In 2013, I first used LEGO® blocks in a professional setting. There was an amount of risk involved in introducing these small colourful plastic bricks for a serious purpose. However, they presented a level playing field – most people can put together LEGO® bricks and the three dimensional models created are rich in information. I have used them in workshops extensively ever since. Over seven years since first using LEGO® professionally, I completed LEGO® Serious Play® facilitator training with Micheal Fearne. I want to share some of what I learned.
The importance of the Introduction
In a workshop setting, time is always scarce. Not only is there a limited amount of time on the clock, but there is also the limits of focus and motivation of your participants. However when using a tool like LEGO® or other material in your workshop it is important to take the time to ensure that everyone understands the tool and is comfortable in using it. It is also important that participants have experience in using the tool before they have to apply it to the workshop goals.

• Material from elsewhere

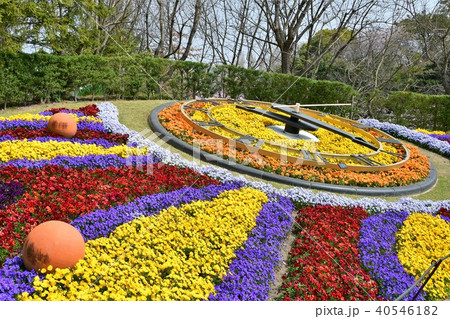 花時計　花園　花畑 40546182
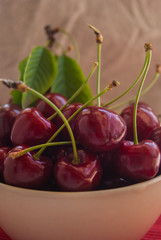 Close-up of a bowl full of ripe and red cherries with petioles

Giving shape to our thoughts and ideas
Getting ideas out of our heads and into a form where they can be shared and discussed can be difficult. In a team setting where everyone wants their ideas this can be even more so. It struck me that in 3-5 minutes of building during a LEGO® Serious Play® (LSP) session it was possible to express very complex ideas very quickly. It was easy to recall them in the sharing session and the ideas often matured as they were being discussed.
Having attempted similar things in brain storming and brain writing workshops, I noted that it was significantly faster to express such complex thoughts in a built model than written on Post-It® notes or a whiteboard.
Simplicity and versatility of a physical model
When exploring other people’s models during the sharing phase of LSP, it was very easy to use multiple aspects of shape, colour and position to add meaning to the model. In discussion it is easy to add information. When questions are asked, aspects of the model appeared that were not there during design or at least had not been thought of. Just turning the model around 180 degrees could reveal a different picture of what had been built.
Giving shape to emotion and new concepts
It can often feel unsafe in a team to explore how we feel about things or to put out new ideas. However, when those things are placed onto a model and the model is subsequently discussed, it often feel much safer.
You’ll find all these aspects are built into the workshops we facilitate at Convivial Ideas. And we want to take the idea much further. In the future we would like to see LEGO bricks as much a part of the corporate stationary as sticky notes and markers.